Charles Perkins Centre and School of Mathematics and Statistics, University of Sydney, Camperdown, NSW 2006, Australia.
Systems Biology Group, Epigenetics & Stem Cell Biology Laboratory, National Institute of Environmental Health Sciences, National Institutes of Health, RTP, NC 27709, USA.
Bioinformatics. 2017 Jul 1;33(13):1916-1920. doi: 10.1093/bioinformatics/btx092.
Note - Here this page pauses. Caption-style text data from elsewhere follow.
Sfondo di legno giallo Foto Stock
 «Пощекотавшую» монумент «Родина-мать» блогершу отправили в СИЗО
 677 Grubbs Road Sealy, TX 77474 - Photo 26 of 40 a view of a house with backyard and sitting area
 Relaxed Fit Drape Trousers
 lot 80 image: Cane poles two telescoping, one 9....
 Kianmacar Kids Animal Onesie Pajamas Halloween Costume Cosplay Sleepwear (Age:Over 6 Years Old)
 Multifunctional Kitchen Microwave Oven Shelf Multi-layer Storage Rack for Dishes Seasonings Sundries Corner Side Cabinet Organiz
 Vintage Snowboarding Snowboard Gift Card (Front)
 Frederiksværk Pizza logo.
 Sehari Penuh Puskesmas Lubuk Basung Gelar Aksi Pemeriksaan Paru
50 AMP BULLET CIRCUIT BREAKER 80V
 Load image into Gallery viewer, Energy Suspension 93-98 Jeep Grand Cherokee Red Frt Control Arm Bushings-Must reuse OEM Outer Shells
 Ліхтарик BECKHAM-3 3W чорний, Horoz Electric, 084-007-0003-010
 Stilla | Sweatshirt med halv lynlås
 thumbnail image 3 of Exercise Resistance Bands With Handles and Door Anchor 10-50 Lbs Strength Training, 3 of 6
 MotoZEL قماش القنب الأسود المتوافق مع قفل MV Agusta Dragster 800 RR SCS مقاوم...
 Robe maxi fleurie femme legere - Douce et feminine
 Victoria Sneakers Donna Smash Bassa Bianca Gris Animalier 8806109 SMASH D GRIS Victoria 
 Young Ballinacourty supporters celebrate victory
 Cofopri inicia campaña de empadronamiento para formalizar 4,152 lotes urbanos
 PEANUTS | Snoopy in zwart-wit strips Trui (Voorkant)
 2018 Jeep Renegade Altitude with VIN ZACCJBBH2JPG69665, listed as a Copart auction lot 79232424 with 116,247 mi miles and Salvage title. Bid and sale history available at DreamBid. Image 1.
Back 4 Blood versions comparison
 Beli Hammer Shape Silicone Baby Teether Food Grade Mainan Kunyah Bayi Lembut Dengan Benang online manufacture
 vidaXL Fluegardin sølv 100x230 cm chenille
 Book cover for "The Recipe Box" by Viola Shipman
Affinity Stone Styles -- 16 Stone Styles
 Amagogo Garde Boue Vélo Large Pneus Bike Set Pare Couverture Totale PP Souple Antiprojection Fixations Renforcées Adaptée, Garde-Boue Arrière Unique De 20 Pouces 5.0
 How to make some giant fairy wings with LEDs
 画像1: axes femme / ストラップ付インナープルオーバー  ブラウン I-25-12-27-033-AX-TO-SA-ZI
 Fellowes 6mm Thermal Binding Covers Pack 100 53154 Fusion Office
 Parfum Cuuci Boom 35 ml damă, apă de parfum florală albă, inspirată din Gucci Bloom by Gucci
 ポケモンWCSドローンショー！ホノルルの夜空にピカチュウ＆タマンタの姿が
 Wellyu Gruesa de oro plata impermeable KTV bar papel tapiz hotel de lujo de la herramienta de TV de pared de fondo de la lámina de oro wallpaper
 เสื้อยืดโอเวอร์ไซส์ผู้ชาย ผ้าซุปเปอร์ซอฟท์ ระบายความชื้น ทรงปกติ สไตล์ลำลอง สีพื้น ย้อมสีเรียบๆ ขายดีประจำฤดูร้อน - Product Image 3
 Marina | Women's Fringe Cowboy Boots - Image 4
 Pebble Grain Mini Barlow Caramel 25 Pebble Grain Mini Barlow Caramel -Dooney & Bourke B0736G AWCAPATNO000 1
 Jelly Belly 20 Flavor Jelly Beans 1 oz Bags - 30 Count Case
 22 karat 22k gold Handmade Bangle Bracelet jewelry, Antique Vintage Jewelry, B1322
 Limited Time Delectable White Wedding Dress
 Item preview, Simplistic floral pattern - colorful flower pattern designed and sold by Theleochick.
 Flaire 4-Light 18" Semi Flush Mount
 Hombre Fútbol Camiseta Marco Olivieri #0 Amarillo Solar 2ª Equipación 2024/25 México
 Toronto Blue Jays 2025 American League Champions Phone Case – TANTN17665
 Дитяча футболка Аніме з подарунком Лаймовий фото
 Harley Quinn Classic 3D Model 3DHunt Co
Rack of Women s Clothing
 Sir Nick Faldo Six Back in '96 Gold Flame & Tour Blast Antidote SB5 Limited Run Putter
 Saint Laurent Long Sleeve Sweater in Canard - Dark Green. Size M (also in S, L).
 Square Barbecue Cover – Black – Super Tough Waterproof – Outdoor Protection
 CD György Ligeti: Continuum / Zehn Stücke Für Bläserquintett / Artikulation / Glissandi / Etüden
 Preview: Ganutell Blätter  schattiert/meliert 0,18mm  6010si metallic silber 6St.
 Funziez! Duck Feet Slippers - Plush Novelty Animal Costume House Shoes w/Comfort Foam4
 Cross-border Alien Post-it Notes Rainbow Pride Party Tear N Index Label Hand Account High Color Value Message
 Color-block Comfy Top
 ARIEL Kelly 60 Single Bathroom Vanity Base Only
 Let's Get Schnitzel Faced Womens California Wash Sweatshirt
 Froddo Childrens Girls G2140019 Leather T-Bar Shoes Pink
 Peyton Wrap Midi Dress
DNA binding proteins such as chromatin remodellers, transcription factors (TFs), histone modifiers and co-factors often bind cooperatively to activate or repress their target genes in a cell type-specific manner. Nonetheless, the precise role of cooperative binding in defining cell-type identity is still largely uncharacterized.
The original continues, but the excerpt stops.